CRH in sales warning as building sector struggles

Country's biggest company predicts further drop of 20pc

CRH chief executive Myles Lee announcing the global materials group's preliminary results for 2009 yesterday
CRH chief executive Myles Lee announcing the global materials group's preliminary results for 2009 yesterday

Thomas Molloy

THE country's biggest company said sales could tumble 20pc this year after falling 35pc last year as the construction market continues to contract.

CRH said Irish sales fell to €726m last year from €1.12bn the previous year, while it swung to an operating loss of €34m last year from a profit of €110m the previous year.

Ireland, one of CRH's four regions, suffered a decline in profit and sales that was worse than twice the average across the company. Total pre-tax profit more than halved last year to €773m, while sales declined 17pc to €17.4bn, the company added.

Sales here will fall again this year as major construction projects, such as the nation's motorway network, the national convention centre and the only shopping centre still under construction, are completed, chief executive Myles Lee said yesterday.

The company's performance was uneven last year, with countries such as Switzerland, Poland and Germany holding up well, while others such as the US and Ireland struggled.

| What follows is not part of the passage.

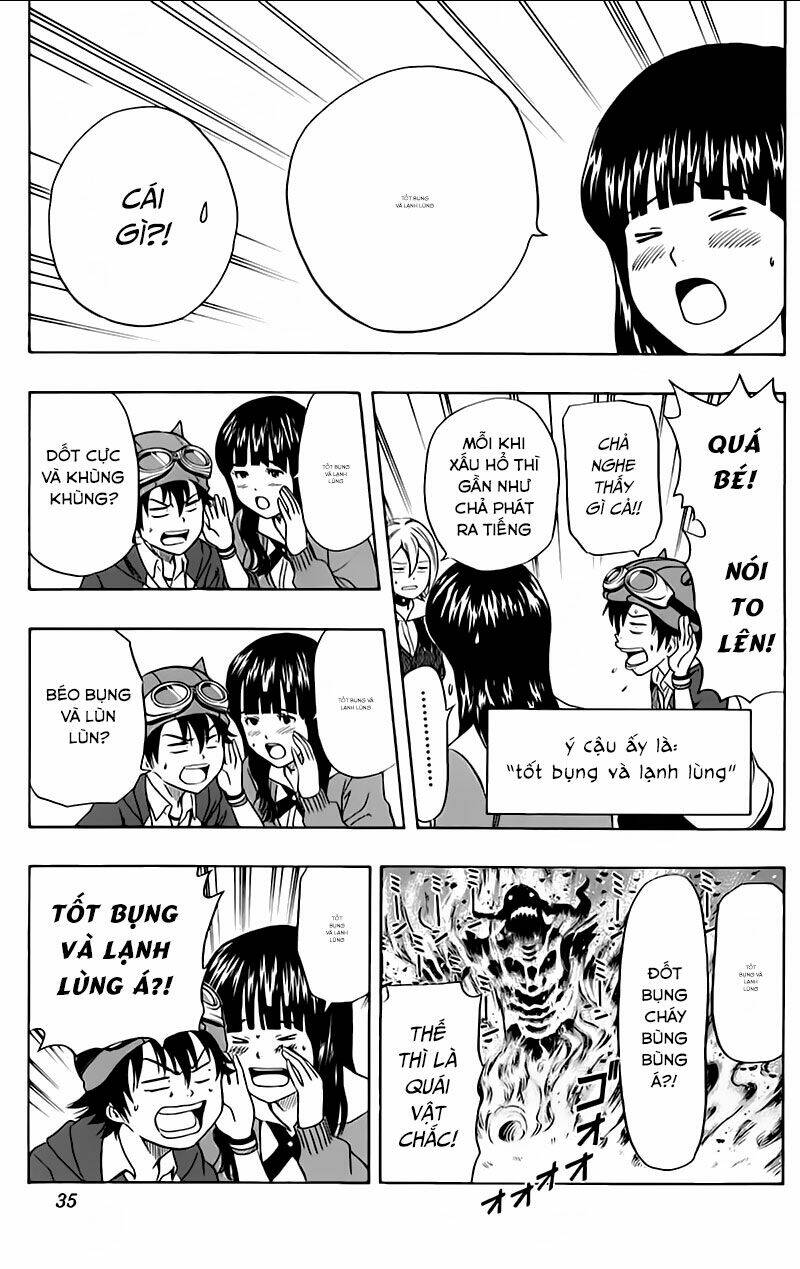 Sket Dance Chapter 146 - Trang 2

CRH embarked on a major cost-cutting programme over the past two years, cutting one in four jobs at the organisation which employed 90,000 at the height of the boom.

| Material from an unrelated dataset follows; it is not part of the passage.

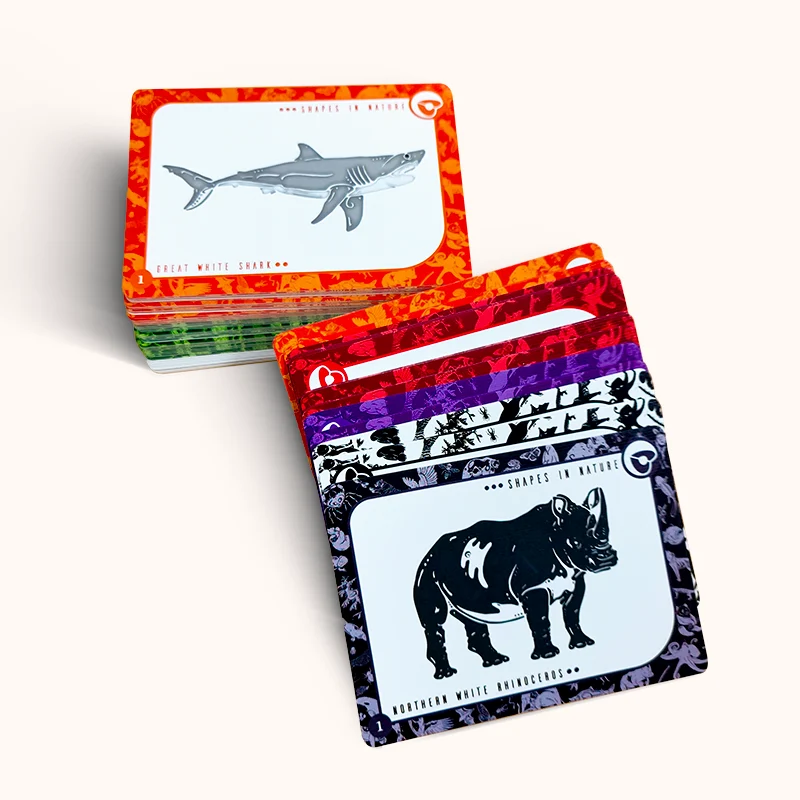 Trading Card Printing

Here in Ireland, CRH closed companies, such as Castlecomer, Kilkenny-based Ormond Brick, as sales faltered.

Shares in CRH, which has streaked past the battered banks to become the country's biggest company by market value, were little changed yesterday at €16.80 in Dublin.

The shares tumbled last November when the company warned it was facing sharp falls in earnings and profits.

The company gave the market further details in January, so there were few surprises in yesterday's figures which the company blamed on poor weather, cost-cutting and unfavourable foreign exchange rates.

"They're bang in line. They are known for cautious guidance. There's nothing really new in that," one Dublin-based trader said.

Most analysts focused instead on the company's outlook for 2010. The company said yesterday the outlook was the least certain for 15-20 years.

"There is considerable uncertainty with regard to what 2010 holds for us, and I don't think anybody is calling anything yet," chief operating officer Albert Manifold said. "You couldn't call it up. You couldn't call it down."

The group edged up the final dividend to 44 cent from 43.7 cent last year, which enabled it to record its 26th straight year of dividend growth.

Mr Lee said the pipeline for acquisitions, a key driver for future growth, was good in Europe and the United States, and the company, which has less debt than rivals following a rights issue last year, could afford to be selective.